3) Evaluation of alternatives: In this stage, the manager has to evaluate all the alternatives. S/he examines the positive and negative aspects of each alternatives. If he finds more positive points in a particular alternative, he may think that this alternative may be suitable for his organisation. Based on the available resources, he examines how best the scarce resources may be used for the achievement of the objective of the firm.

 

4) Selection of the best alternative: After evaluating the positive and negative aspects of all the alternatives, S/he tries to select the best possible alternative for her/his organisation. Peter Drucker has suggested following four criteria for selection of the best way of performing the task.

 

i) Risk: The meaning of risk has been danger, threat, harm, etc. The manager has to assess the situation considering the risk involved in the activity. He has to think about the minimisation of the risk. This may facilitate the probability of success.

 

ii) Economy of effort: As you must be aware that the recourses are limited. Therefore, the factors of production should be used in such a manner that they provide the best result.
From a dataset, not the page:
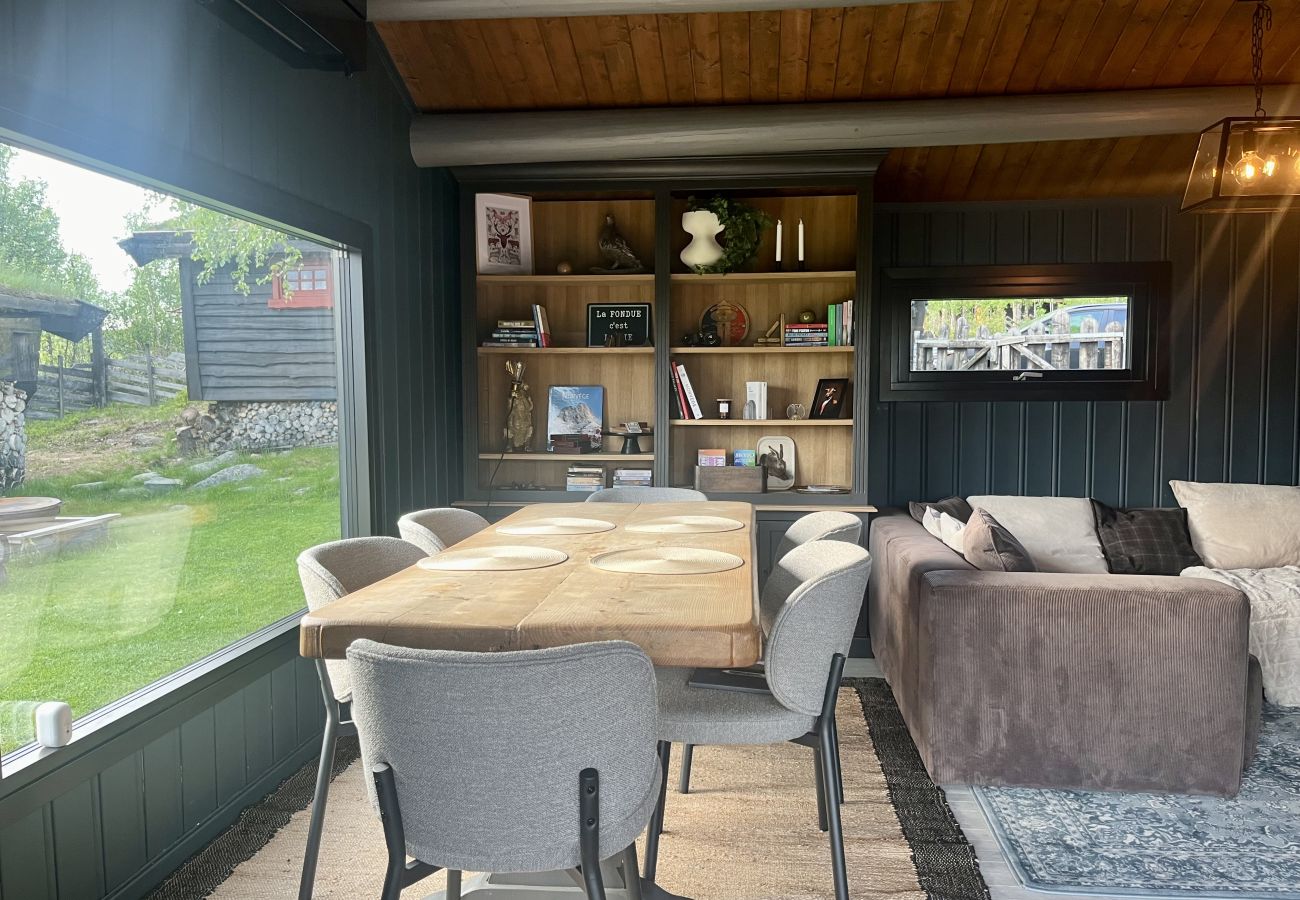 Hytte i Gol - Sjarmerende familiehytte med badstue i vakre Valdres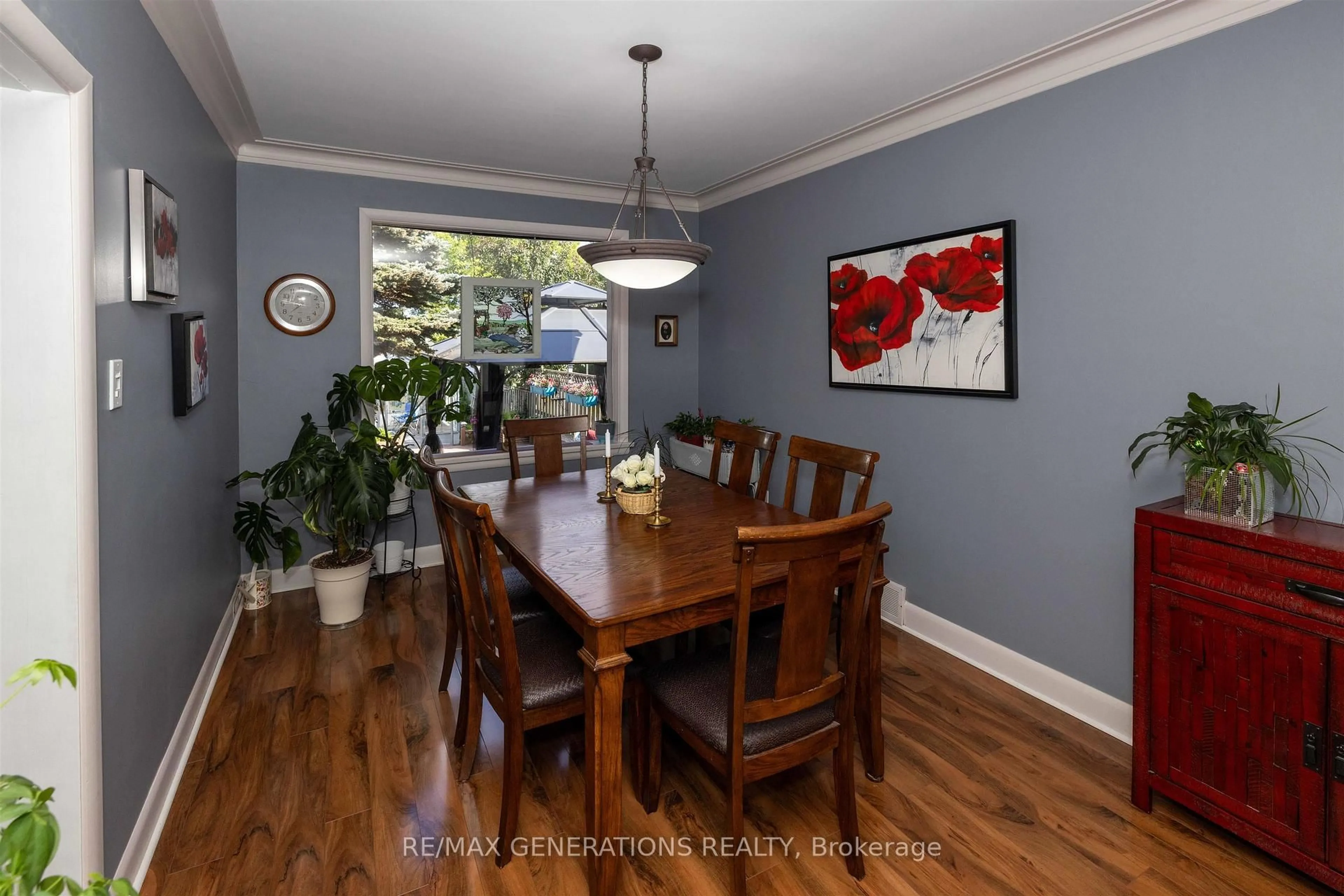 Dining room, wood/laminate floor for 159 Ruttan St, Thunder Bay Ontario P7A 5E4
All activities should be managed in such a way that with the application of less effort, you should get better result. There should be economy in terms of utilisation of resources, processing, timing, etc. The management of economy may lead to success to the ventures.

 

iii) Situation or Timing: You must have heard that the right decision should be taken at the right time. For example, woollen clothes are demanded during the winter. Therefore, the decision related to manufacture and distribution of woollen clothes has to be taken in such a way that these clothes are made available in the market during the winter.

 

iv) Limitation of resources: As you know that the resources are limited. Therefore, you have to use these resources in such a manner that you get the best result. The manager should reduce the wastages and enhance the productivity at each level to achieve the better result. If the manager examines the above criteria minutely, he may be able to select the best possible alternative action for his organisation.

 

5) Implementation of decision: After selecting the best course of action, the manager has to implement the decision in his organisation. Sometimes, there may be resistance during the implementation of the decision. In order to facilitate implementation and minimise resistance, the manager may be required to convince the concerned stake holders about the positive consequences of the decision. If all parties related to the decision are convinced, the implementation of the decision may be facilitated. The manager has to put his best effort for the smooth implementation of the selected decision.

 

6) Follow up: The consequences of the implementation of the decision are examined and analysed frequently. The good result may be considered as an example for solving other related problems. The negative result may be considered for corrective action. Thus, the manager has to take feedback regularly for further improvement as well as correction.